Reviewed by the Court.
Decisions will be entered under Rule 50.
Concurrence Opinion
concurring: I concur in the result reached by the majority opinion, though I doubt if it can be distinguished from our Court’s recent decision in Joel E. Hall, 4 T. C. 506, in which the opposite result was reached. I dissented in the Hall case and pointed out the reasons why I did not think the income of the irrevocable trust involved in that case should be taxed to the grantor.
Another comparatively recent case by this Court which it might be thought is in conflict with the result reached in the instant case is Louis Stockstrom, 3 T. C. 255; now on review, C. C. A., 8th Cir. However, after carefully reading the facts in that case and comparing them with those present in the instant case, I do not believe the result reached in the instant case is in conflict with the Stockstrom case. In the Stochstrom case the three trusts which were made for the settlor’s three adult children contained powers which enabled the settlor-trustee to shift income beneficiaries somewhat similar to the powers reserved to the grantor in Commissioner v. Buck, 120 Fed. (2d) 775. There are no such powers granted to the settlor-trustees in the instant case. In the Stochstrom case the seven trusts which were set up for the benefit of Stockstrom’s seven grandchildren, while not granting to the settlor-trustee powers which were as extensive as those contained in the trusts for his three adult children, did grant to the settlor-trustee the discretion to either accumulate the income or distribute it to the beneficiary. These trusts were for the lifetime of the beneficiaries. We construed this power as being broad enough to enable the settlor-trustee to completely withhold the income of the trust from the grandchild beneficiary throughout his lifetime. To quote from the opinion itself in the Stockstrom case, the settlor-trustee “was not required to distribute any part of the income to any of the beneficiaries during his lifetime.” We held that this power over the income, when coupled with the broad administrative powers granted the settlor-trustee over the corpus in these several trusts, caused the income to be taxable to the settlor, Stockstrom.

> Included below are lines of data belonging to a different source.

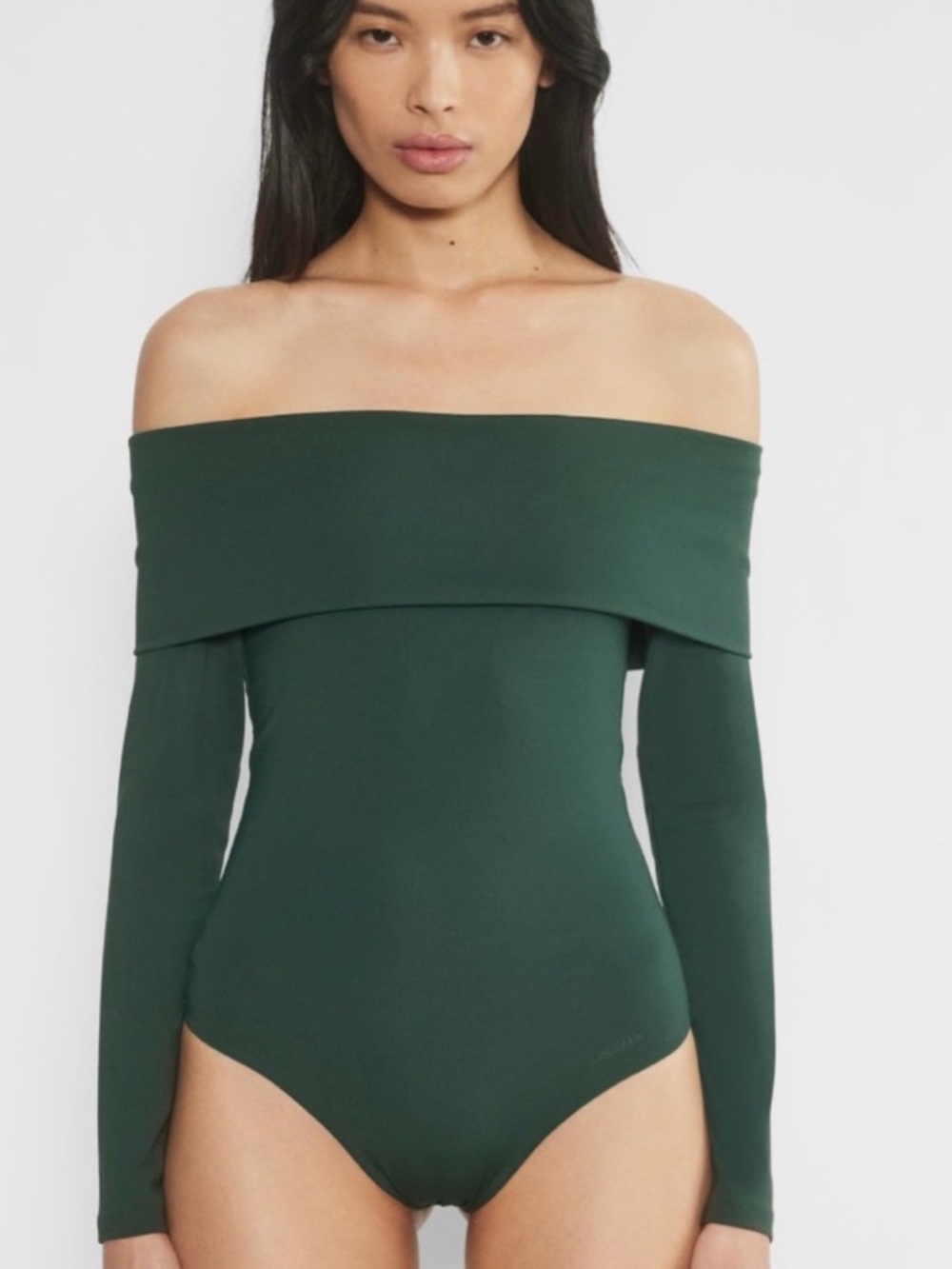 Aritzia Contour ‘Deco’ Black Off Shoulder Bodysuit - Women’s XL, Scarab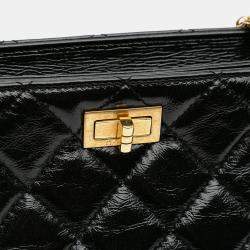 مملوكة مسبقًا Chanel Black Reissue 2.55 Glazed Crackled Calfskin Shopping Bag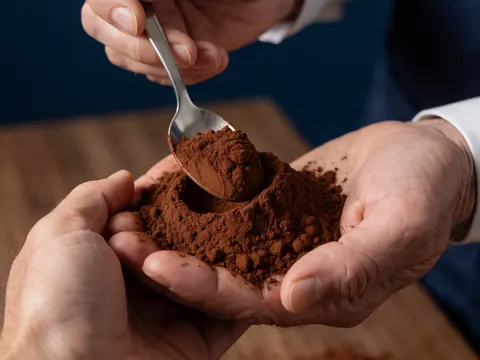 Close-up of a hand holding a spoon filled with fine cocoa powder, showcasing texture against a dark blue and wood background for coffee and baking products.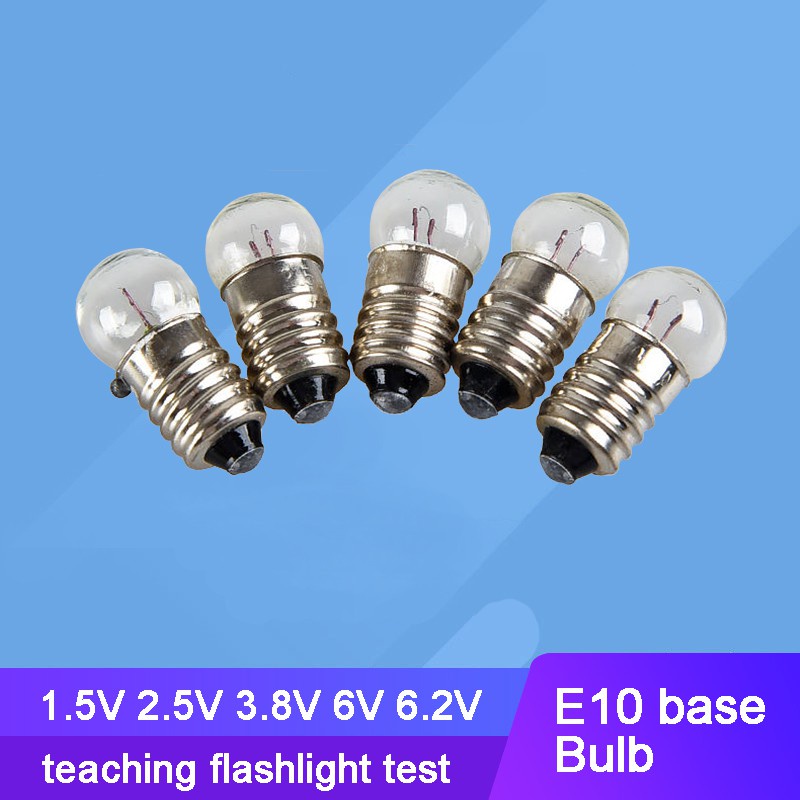 Set 10 Bóng Đèn Pin E10 1.5V 2.5V 3.8V 4.8V 6V 6.2V Đa Dụng Chất Lượng Cao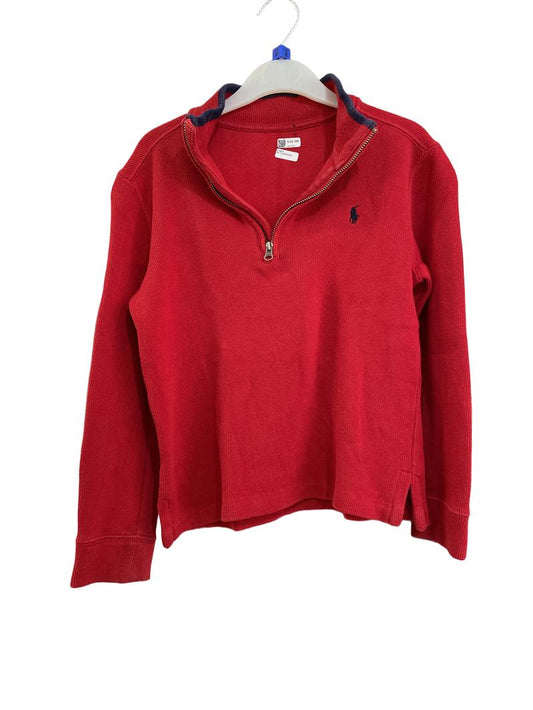 Preloved Polo Ralph Lauren - Top - Red Knit Half-zip Long-sleeved Top With Navy Trim (6-7y)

In the instant case the primary purpose of the trusts is to provide for the education of the settlors’ three minor children and any accumulated income and principal not used for that purpose is to be turned over to the beneficiary when he reaches 30 years of age. Thus each of the three trusts here involved is to completely terminate when the beneficiary reaches 30 years of age and all the corpus and accumulated income is to be turned over to the beneficiary. The trusts in that respect are not unlike those present in J. O. Whiteley, 3 T. C. 1265, where we held that Helvering v. Clifford was not applicable.
The administrative powers granted to the trustees in the instant case are quite broad and are, I think, as broad as those present in the Stockstrom case, but I think the Supreme Court in Helvering v. Stuart, 317 U. S. 154, made clear that retention by the grantor of only broad administrative control over the corpus does not make the income of a long term family trust taxable to him.
For these reasons above stated, I concur in the result reached in the majority opinion.
Dissenting Opinion
dissenting: We can not fairly distinguish the facts in either Louis Stockstrom, 3 T. C. 255, or Joel E. Hall, 4 T. C. 506, from those here. In addition, there are features of the conduct and operation of these trusts which are comparable to those leading to nonrecognition of the trusts in such earlier cases as Benjamin F. Woilman, 31 B. T. A. 37, and William C. Rands., 34 B. T. A. 1107, the true forerunners of the Clifford case. We accordingly dissent.